» WORK INSTRUCTIONS
From the entries below, return only the lines starting at the one that contains "Flag of Cedar" and ending at the one that contains "Ostrich Feather Tassel", exactly as they stand.
*** RECORDS SUPPLIED
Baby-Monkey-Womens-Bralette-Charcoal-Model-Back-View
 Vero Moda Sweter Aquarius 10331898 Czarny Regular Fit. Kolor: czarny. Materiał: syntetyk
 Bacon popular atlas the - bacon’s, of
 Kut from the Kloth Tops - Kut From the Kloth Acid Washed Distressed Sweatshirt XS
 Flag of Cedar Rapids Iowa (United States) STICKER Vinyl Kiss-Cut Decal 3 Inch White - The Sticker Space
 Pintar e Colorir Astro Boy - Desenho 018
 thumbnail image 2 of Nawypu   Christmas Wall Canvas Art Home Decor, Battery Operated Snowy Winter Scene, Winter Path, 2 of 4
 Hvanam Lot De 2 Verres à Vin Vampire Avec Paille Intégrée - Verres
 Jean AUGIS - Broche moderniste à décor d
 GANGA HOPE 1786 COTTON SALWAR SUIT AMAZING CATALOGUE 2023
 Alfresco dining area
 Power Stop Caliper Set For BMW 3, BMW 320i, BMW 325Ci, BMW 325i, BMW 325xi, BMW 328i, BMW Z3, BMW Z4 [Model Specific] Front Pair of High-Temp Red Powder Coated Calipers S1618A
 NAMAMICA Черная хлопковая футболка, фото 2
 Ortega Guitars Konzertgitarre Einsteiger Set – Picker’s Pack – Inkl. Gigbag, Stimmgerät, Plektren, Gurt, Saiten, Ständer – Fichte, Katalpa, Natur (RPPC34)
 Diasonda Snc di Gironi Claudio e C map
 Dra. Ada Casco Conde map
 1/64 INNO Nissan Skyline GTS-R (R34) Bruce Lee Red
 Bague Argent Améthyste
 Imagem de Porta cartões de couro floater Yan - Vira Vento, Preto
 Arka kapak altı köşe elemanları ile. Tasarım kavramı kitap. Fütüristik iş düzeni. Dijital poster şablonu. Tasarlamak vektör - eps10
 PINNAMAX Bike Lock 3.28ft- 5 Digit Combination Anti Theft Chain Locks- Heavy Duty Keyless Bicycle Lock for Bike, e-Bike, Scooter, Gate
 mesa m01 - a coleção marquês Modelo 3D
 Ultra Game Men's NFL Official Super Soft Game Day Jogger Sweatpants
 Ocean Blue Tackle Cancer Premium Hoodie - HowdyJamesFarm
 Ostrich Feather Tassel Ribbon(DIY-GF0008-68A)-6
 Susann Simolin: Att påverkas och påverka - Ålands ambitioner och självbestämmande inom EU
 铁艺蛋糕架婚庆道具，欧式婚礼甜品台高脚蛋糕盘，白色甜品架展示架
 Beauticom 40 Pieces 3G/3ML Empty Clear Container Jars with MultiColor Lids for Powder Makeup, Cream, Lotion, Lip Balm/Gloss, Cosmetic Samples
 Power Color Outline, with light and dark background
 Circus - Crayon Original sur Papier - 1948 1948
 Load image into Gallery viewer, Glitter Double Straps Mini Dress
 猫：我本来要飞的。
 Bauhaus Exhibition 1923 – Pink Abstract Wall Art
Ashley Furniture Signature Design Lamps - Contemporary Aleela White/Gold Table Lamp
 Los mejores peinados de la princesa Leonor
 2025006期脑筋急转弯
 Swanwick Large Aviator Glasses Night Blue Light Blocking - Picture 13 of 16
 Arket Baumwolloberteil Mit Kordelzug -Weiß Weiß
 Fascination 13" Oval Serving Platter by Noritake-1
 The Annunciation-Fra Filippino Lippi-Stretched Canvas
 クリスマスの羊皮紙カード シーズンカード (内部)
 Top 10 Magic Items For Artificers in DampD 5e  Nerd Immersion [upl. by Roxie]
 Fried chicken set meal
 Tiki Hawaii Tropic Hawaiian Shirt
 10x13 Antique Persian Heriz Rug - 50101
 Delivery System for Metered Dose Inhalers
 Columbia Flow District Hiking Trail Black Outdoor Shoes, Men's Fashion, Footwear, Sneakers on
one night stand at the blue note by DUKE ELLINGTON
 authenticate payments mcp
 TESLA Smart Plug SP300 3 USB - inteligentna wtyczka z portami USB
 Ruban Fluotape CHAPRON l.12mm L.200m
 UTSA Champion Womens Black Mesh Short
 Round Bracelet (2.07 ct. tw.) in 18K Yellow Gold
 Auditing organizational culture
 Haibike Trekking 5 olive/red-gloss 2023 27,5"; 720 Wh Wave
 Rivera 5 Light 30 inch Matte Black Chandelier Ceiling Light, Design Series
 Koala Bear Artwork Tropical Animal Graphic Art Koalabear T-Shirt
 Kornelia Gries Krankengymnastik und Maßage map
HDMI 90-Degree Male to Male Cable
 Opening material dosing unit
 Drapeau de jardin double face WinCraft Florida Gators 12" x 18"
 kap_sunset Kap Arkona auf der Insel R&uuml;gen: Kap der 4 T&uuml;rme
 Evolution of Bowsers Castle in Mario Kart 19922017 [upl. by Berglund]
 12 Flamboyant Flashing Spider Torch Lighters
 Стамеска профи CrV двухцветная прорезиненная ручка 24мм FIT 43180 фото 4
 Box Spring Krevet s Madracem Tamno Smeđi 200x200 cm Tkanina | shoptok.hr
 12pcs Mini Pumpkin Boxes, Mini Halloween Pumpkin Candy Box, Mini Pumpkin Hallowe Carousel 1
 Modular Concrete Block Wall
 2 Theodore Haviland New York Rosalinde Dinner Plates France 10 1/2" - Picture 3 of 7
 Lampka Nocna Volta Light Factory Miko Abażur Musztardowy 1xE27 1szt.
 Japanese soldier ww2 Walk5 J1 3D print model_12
******
» RESULT OF THIS TASK
 Flag of Cedar Rapids Iowa (United States) STICKER Vinyl Kiss-Cut Decal 3 Inch White - The Sticker Space
 Pintar e Colorir Astro Boy - Desenho 018
 thumbnail image 2 of Nawypu   Christmas Wall Canvas Art Home Decor, Battery Operated Snowy Winter Scene, Winter Path, 2 of 4
 Hvanam Lot De 2 Verres à Vin Vampire Avec Paille Intégrée - Verres
 Jean AUGIS - Broche moderniste à décor d
 GANGA HOPE 1786 COTTON SALWAR SUIT AMAZING CATALOGUE 2023
 Alfresco dining area
 Power Stop Caliper Set For BMW 3, BMW 320i, BMW 325Ci, BMW 325i, BMW 325xi, BMW 328i, BMW Z3, BMW Z4 [Model Specific] Front Pair of High-Temp Red Powder Coated Calipers S1618A
 NAMAMICA Черная хлопковая футболка, фото 2
 Ortega Guitars Konzertgitarre Einsteiger Set – Picker’s Pack – Inkl. Gigbag, Stimmgerät, Plektren, Gurt, Saiten, Ständer – Fichte, Katalpa, Natur (RPPC34)
 Diasonda Snc di Gironi Claudio e C map
 Dra. Ada Casco Conde map
 1/64 INNO Nissan Skyline GTS-R (R34) Bruce Lee Red
 Bague Argent Améthyste
 Imagem de Porta cartões de couro floater Yan - Vira Vento, Preto
 Arka kapak altı köşe elemanları ile. Tasarım kavramı kitap. Fütüristik iş düzeni. Dijital poster şablonu. Tasarlamak vektör - eps10
 PINNAMAX Bike Lock 3.28ft- 5 Digit Combination Anti Theft Chain Locks- Heavy Duty Keyless Bicycle Lock for Bike, e-Bike, Scooter, Gate
 mesa m01 - a coleção marquês Modelo 3D
 Ultra Game Men's NFL Official Super Soft Game Day Jogger Sweatpants
 Ocean Blue Tackle Cancer Premium Hoodie - HowdyJamesFarm
 Ostrich Feather Tassel Ribbon(DIY-GF0008-68A)-6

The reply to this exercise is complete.